I actually feel pretty well mentally-wise. A bit tired from the night shifts. Sleeping during the day doesn't feel the same as sleeping during the night for me, I can sleep the same no of hours and not feel as rested. Probably today I slept a little more than yesterday when I slept like 4 hours.

23 days without a drop of drink but I miss it, man.

"Water, water, everywhere, nor any drop to drink."
Do you work normal hours during the day as well? I learned a little about what can affect sleep quality from a book once (Why We Sleep), and one thing I got from it was that it's important to go to sleep and wake up at the same time every day. I don't know if your job might make that impossible, but it could be something to consider if you have the choice.

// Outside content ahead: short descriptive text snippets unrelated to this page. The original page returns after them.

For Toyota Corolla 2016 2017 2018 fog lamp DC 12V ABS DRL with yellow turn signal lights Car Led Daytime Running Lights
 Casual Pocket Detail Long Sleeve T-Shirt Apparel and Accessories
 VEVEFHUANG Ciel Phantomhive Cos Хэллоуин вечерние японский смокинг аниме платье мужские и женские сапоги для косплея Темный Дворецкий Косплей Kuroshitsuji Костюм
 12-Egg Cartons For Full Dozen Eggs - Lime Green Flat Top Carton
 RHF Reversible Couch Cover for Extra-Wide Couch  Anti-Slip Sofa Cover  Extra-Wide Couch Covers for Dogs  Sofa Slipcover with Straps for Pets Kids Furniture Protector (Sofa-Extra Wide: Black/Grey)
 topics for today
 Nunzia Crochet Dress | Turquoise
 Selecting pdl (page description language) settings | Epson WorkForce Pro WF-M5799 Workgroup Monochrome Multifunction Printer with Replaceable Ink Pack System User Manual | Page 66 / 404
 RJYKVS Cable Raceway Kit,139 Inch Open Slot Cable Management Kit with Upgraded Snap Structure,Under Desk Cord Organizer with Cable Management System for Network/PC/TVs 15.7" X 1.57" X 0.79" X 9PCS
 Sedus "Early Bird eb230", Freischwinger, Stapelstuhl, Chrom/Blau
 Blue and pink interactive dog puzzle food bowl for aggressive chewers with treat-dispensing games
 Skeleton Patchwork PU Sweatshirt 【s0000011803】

22 days is amazing, man. Keep up the good work!
 

Escapeandnevercomeback

Respected Member
How's it going Escape?
Not too good. I broke my 26 days of sobriety, got drunk, binged porn (about 5 PMOs that day) then I did what I usually do when I'm drunk and relapse, I came here and deleted some of my posts. I think I deleted all the posts from that 25 days porn streak. I'm embarrassed beyond words that I do this, I didn't even want to come here and say it out of shame. Next day, I proceeded to PMO 3 more times so 2 days of binge in a row and made fun of my 25 days streak, I threw it out the window, I threw out the window my alcohol streak and that is that, I'm an idiot and I deserve the consequences. Now I'm struggling to restart.
 

Ezel

Respected Member
Not too good. I broke my 26 days of sobriety, got drunk, binged porn (about 5 PMOs that day) then I did what I usually do when I'm drunk and relapse, I came here and deleted some of my posts. I think I deleted all the posts from that 25 days porn streak. I'm embarrassed beyond words that I do this, I didn't even want to come here and say it out of shame. Next day, I proceeded to PMO 3 more times so 2 days of binge in a row and made fun of my 25 days streak, I threw it out the window, I threw out the window my alcohol streak and that is that, I'm an idiot and I deserve the consequences. Now I'm struggling to restart.
Just start man, if you keep delaying it, it will just get worse, what happened happened. There is nothing you can do about that past except learning and adapting so next time you will not repeat the same scenario.
You can do it escape, you got heart man, there is nothing to be ashamed of, there's no one on this forum who owes you a god damn thing.
Do it for you brother ☺️😉. Gob bless...
 

Escapeandnevercomeback

Respected Member
Day 2

I am embarrassed to come here drunk. I told myself I must stay away from Reboot Nation and contacting people in general when I'm drunk because I turn into a mega-depressed, raging, violent alcoholic. I am a headache for people around my when I'm drunk. But once I get drunk, I don't respect that anymore. I got drunk, I don't remember everything but I think I came here and I deleted all my posts from my last streak because I was mad for relapsing to porn. What's left are all the other comments from the other people that don't make any sense anymore. That's why I'm embarrassed. And I threw everything out the window, I binged PMO 2 days in a row. Now I feel completely like shit, I'm struggling to make something out of it. You know what I told myself a few days ago? "This is starting to be a rhythm, I feel I could go on with my porn streak forever, only one thing could sabotage me and that is getting drunk." And what do I do? I buy alcohol, I convince myself that I can handle it, I won't come to RN to display erratic behavior, I won't PMO, and then what? Right.